Altında genel anestezi Cerrah, karın boşluğunu açtıktan sonra (laparotomi), kanayan damarı bağlar, bağırsağın cansız bölümünü yukarıdaki ve alttaki halkaların, fistül yollarının bağlantısıyla çıkarır (rezeke eder). Periton boşluğu antiseptik ile yıkanır, sıvının uzaklaştırılması için drenaj tüpleri içine bırakılır ve yara dikilir.

Göreceli belirtiler şunlardır:

  • tam teşekküllü konservatif tedavinin etkisiz seyri;
  • kısmi bağırsak tıkanıklığı;
  • terapötik yöntemlerle tedavi edilemeyen eklemlerde, gözlerde ve ciltte hasar belirtileri.

Cerrahlar rutin olarak şunları gerçekleştirir:

  • apselerin açılması ve drenajı;
  • bağırsağın bireysel bölümlerinin rezeksiyonu;
  • daralmaların plastik cerrahisi;
  • bypass anastomozlarının uygulanması, karın derisindeki stomanın çıkarılması.

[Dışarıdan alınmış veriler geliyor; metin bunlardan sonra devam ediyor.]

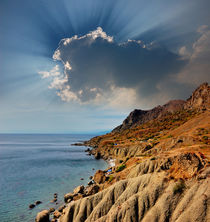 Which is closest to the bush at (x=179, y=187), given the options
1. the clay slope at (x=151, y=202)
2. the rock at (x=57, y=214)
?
the clay slope at (x=151, y=202)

Ameliyattan sonra yara bakımının yanı sıra hastaya tam kapsamlı konservatif tedavi uygulanır. Kan hastalığı durumunda ameliyatın hastayı tamamen iyileştiremeyeceğini unutmamak gerekir. Hastalığın nedenleri devam ettiği için yalnızca komplikasyonları geciktirmek ve yaşamı tehdit eden durumları ortadan kaldırmak mümkündür.

Crohn hastalığının tedavisinde kullanılan yöntemler hastaya olası bir rahatlama umudu veriyor ağrılı semptomlar uzun zamandır. Mükemmel değer Doktor tavsiyelerinin doğru uygulanmasına, terapötik önlemlere katılıma sahiptir.